Warga Berdaya

Warga Merancang Bersama Pendirian Kampung Susun Manusiawi Bukit DuriWarga di perkampungan-perkampungan seperti Luar Batang, Kampung Pulo, Bukit Duri adalah manusia sesama kita punya akal sehat, nurani, hak dan kewajiban sebagai warga negara yang sama seperti kita. Pada dasarnya merekalah yang paling paham tentang apa yang mereka butuhkan dalam hidup mereka di lingkungan dan bersama warga Jakarta lainnya. Segala alternatif inovasi dan solusi yang berasal dari luar kehidupan mereka, harus didialogkan dan diintegrasikan dengan hidup mereka.

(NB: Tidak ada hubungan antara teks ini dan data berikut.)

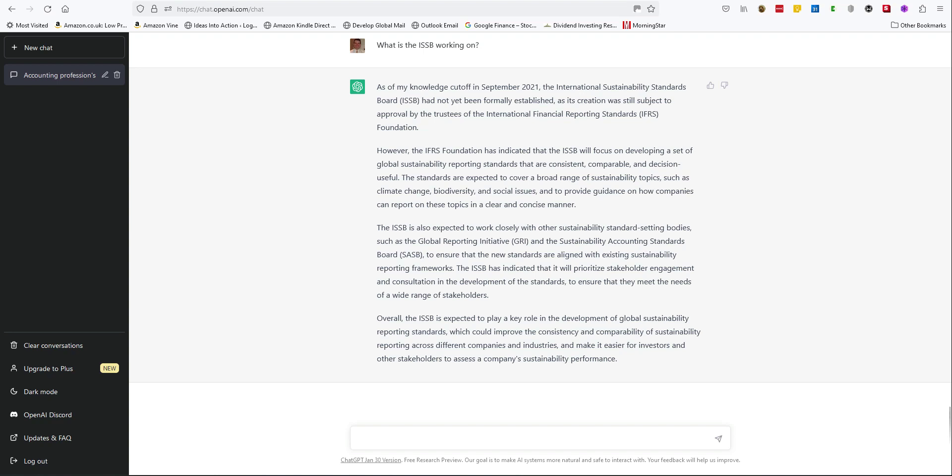So it looks like ChatGPT can give some interesting and relevant answers to general accountancy questions. Next time you're bogged down trying to read about a particular accounting standard, or need to get an overview of a particular topic, why not give it a go?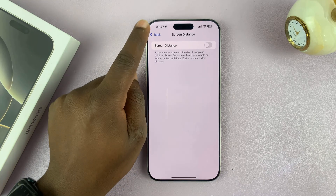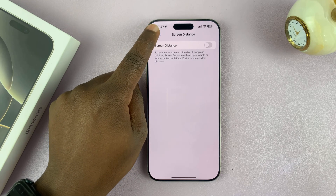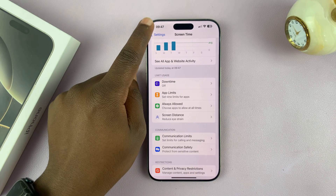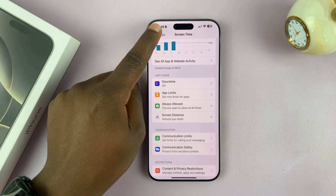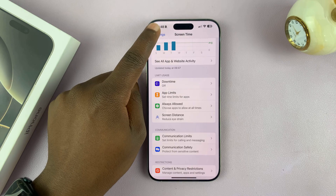That basically means it's not going to alert you that you're holding your phone too close to your eyes or to your face.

Warga Merancang Bersama Pendirian Kampung Susun Manusiawi Bukit DuriIni contoh bagaimana komunitas warga Bukit Duri, Jakarta Selatan merancang bersama dan mengusulkan pada Pemprov. DKI, solusi kreatif pendirian Kampung Susun Manusiawi Bukit Duri.

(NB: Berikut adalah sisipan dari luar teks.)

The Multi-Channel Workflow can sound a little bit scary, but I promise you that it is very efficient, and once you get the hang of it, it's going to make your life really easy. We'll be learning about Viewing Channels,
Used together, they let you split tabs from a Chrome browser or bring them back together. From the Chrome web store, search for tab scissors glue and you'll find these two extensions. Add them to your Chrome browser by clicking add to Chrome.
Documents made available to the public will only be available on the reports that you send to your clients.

Selang sehari setelah upacara inagurasi Jokowi-Ahok karena terpilih sebagai gubernur dan wakil gubernur DKI Jakarta periode 2012-2017, pada tanggal 16 Oktober 2012, Jokowi dengan disertai rombongannya, yaitu walikota, para kepala dinas Pemprov DKI, camat, lurah, kembali datang di tengah simbol haribaan kaum miskin urban Jakarta, di Sanggar Ciliwung Merdeka di Bukit Duri, bantaran sungai Ciliwung, untuk mengucapkan terima kasihnya yang tulus. Pada kesempatan dialog publik yang terbuka, tenang, bersuasana semangat perjuangan yang magis dengan perwakilan komunitas-komunitas warga pinggiran disaksikan puluhan awak media dari dalam dan luar negeri itu, bahkan Jokowi sebagai gubernur baru, mempersilakan komunitas warga Bukit Duri yang didampingi Ciliwung Merdeka, menyampaikan konsep desain “Kampung Susun Manusiawi Bukit Duri” (KSM-BD). Pada kesempatan itulah, sejak saat itulah, gubernur dan wakil gubernur mengungkapkan “janji takzim”. Bahwa kampung-kampung di bantaran sungai di Bukit Duri dan Kampung Pulo, tidak akan digusur, melainkan hanya akan dilakukan revitalisasi, pembangunan perbaikan kualitas kehidupan kampung kembali. Disetujui, di Bukit Duri akan dibangun “pilot project” KSM-BD, yang rencananya akan dibangun di RT 06, 07, 08 RW 012, Kelurahan Bukit Duri, Kecamatan Tebet, Jakarta Selatan.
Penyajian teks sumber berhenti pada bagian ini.